According to the Pew Charitable Trusts, the group of workers whose incomes rise and fall by as much as 25 percent over the course of a year is mostly made up of hourly workers in retail and gig economy workers. But while they make up a large segment of those affected by income volatility, they are far from alone.

Self-employed contract workers, commission-based employees, tip-based workers, small business owners and seasonal workers all face variations on income volatility, according to Joanna Smith-Ramani, program director of the Aspen Institute Financial Security Program’s Expanding Prosperity Impact Collaborative (EPIC). And those workers are increasingly represented at all points of the earnings spectrum.

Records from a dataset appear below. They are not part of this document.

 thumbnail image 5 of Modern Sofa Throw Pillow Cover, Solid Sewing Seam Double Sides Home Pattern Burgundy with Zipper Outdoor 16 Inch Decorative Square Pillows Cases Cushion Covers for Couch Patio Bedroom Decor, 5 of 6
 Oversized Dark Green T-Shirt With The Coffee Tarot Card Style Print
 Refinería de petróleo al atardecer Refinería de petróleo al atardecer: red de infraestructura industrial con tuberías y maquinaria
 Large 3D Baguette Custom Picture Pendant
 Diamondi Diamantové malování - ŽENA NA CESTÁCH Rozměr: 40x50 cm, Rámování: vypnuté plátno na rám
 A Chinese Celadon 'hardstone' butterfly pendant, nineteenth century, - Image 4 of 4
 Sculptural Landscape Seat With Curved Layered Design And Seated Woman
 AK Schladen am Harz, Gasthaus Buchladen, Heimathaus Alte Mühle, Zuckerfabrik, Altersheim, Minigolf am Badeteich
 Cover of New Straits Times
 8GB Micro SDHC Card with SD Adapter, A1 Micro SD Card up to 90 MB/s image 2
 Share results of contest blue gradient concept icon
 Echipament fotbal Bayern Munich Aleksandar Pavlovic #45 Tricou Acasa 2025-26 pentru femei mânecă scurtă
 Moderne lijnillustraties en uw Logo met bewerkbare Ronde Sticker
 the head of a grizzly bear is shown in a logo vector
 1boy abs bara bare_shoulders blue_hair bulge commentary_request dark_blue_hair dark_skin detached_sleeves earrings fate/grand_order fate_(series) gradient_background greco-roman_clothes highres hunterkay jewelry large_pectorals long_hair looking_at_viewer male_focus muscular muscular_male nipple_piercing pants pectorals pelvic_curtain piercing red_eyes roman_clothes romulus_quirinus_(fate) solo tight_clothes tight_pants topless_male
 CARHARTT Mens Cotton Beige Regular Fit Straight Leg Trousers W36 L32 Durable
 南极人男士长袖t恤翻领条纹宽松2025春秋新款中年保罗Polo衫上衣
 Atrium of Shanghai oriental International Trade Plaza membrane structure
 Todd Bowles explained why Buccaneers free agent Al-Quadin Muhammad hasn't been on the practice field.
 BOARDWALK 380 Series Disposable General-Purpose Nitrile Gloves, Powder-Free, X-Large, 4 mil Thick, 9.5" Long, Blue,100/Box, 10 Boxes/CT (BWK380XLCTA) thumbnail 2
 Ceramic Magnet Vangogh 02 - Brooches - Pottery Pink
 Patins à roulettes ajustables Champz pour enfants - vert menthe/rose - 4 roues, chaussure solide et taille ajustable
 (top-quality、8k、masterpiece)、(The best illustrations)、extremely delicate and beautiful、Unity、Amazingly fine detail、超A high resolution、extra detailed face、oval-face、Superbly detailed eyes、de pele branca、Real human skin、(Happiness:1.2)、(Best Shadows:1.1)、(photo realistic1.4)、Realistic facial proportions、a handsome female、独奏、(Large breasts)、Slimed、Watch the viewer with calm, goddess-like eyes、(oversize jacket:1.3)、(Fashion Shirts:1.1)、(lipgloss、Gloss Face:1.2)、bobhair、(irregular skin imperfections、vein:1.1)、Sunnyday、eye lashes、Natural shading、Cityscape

“One of the mistakes people make is to associate income volatility as an issue for lower-income families. The worst consequences of income volatility are most apparent in lower-income workers, but income volatility is becoming the reality of more middle-class and upper-middle workers as well,” said Smith-Ramani in a conversation with PYMNTS and LendUp CEO Sasha Orloff about the issues caused by income volatility and how they can be solved.

Those issues are not only pressing, but both Smith-Ramani and Orloff agreed that they are likely to become magnified before they’re diminished. According to experts, income volatility is growing in the American economy – 90 percent said it has been on the rise in the last decade, 56 percent recognize it as a problem, and almost a third say it is a “critical problem.”